A study by the National Coordination for the Articulation of Black Rural Quilombola Communities (CONAQ) reveals that the majority of quilombolas murdered in the last six years were victims of land conflicts. The research was coordinated by Selma Dealdina Mbaye and Élida Lauris, from the women’s and legal collectives of CONAQ.

According to the study, 46 murders were recorded between January 2019 and July 2024, an annual average of 8 murders. In 2021 and 2023, the number of murders exceeded the annual average with 10 and 9 deaths, respectively.

Of the total number of murders, 16 (35%) were due to land disputes. In addition, almost half of the targets played a leadership role in the quilombo. Of these cases, 36% were over 50 years old.

“In most of these cases, historical leaders of the quilombo were murdered, who died without seeing the title they had fought for their whole lives happen, like Mãe Bernadete”, says an excerpt from the research remembering the story of the quilombola leader killed in August 2023. She was shot 25 times inside her home, in the quilombo Pitanga dos Palmares, in Bahia.

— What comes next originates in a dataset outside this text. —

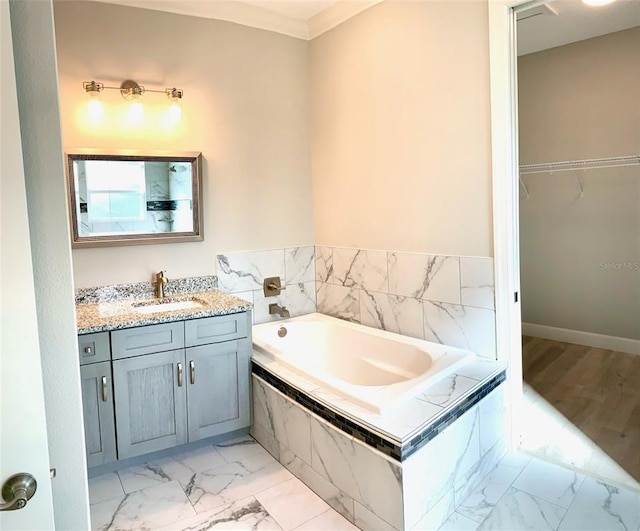 bathroom featuring tile floors, oversized vanity, crown molding, and tiled bath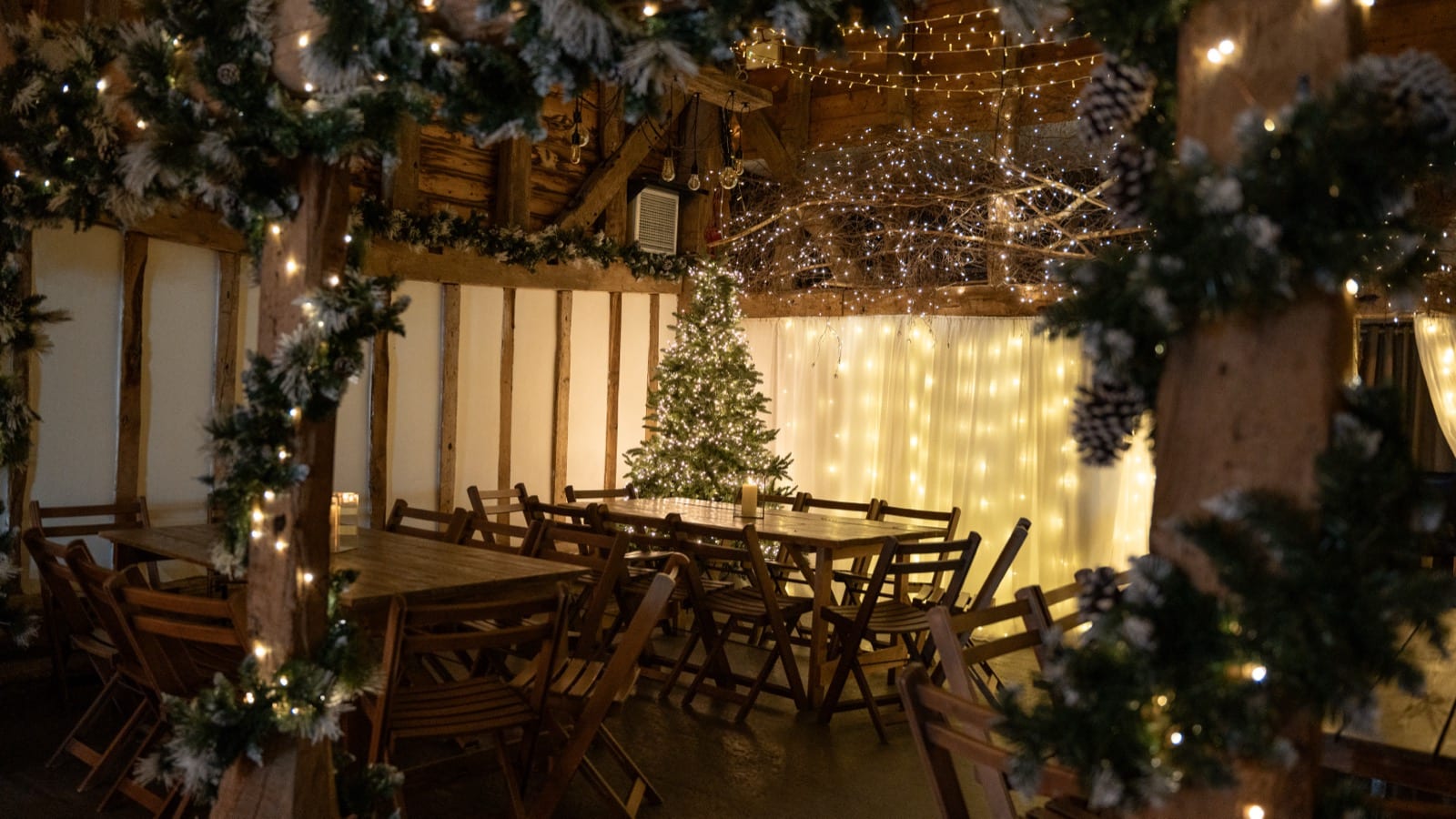 The rustic Apple Barn decorated for Christmas with a tree, garlands and a curtain of fairy lights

The study also highlights Maranhão, Bahia and Pará as the states with the highest concentration of deaths historically. According to Conaq, there are two main types of “systematic violence” in these regions, with serial murders. In addition to land conflicts, domestic violence stands out, accounting for 24% of the victims.

Quilombola Census

The Brazilian Institute of Geography and Statistics (IBGE) released, for the first time in history, a demographic portrait of quilombolas in the national territory. The result of the 2022 Census, published this Thursday (27), indicates that the quilombola population residing in Brazil is 1,327,802 people, which corresponds to 0.65% of the population.

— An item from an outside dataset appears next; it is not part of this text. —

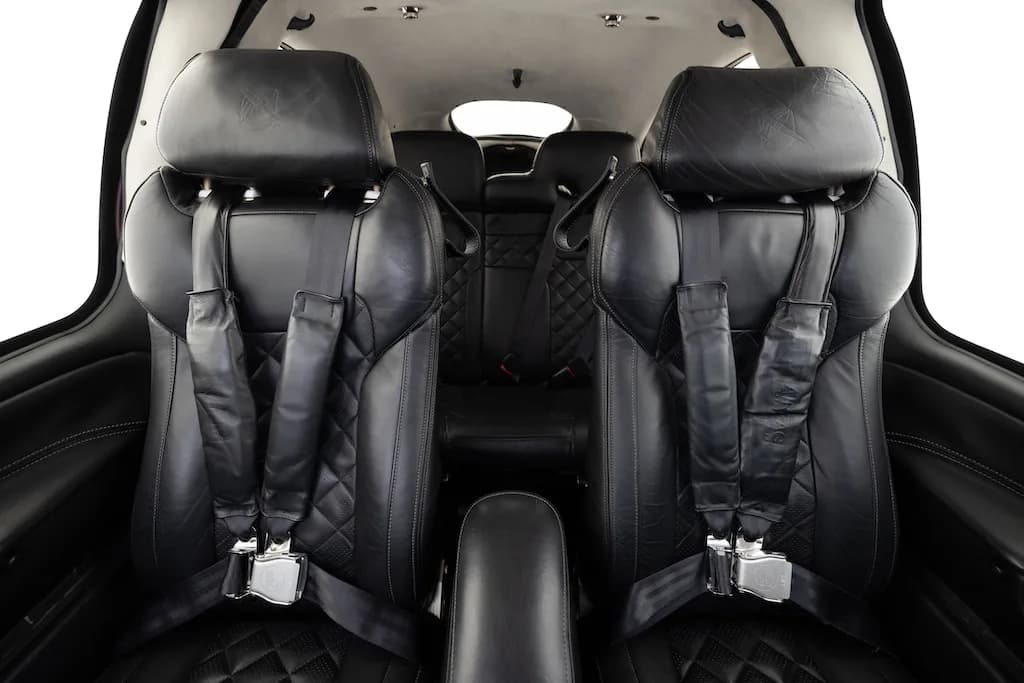 The black leather front seats of the Cirrus SR22 aircraft cabin, featuring quilted stitching.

Incra, the agency responsible for granting titles to quilombola territories at the federal level, defines quilombola communities as “ethnic groups – predominantly made up of the rural or urban black population – that define themselves based on specific relationships with land, kinship, territory, ancestry, traditions and their own cultural practices”.

“They are, in general, communities originating from those who resisted the brutality of the slave regime and rebelled against those who believed they were their property,” states the Palmares Cultural Foundation.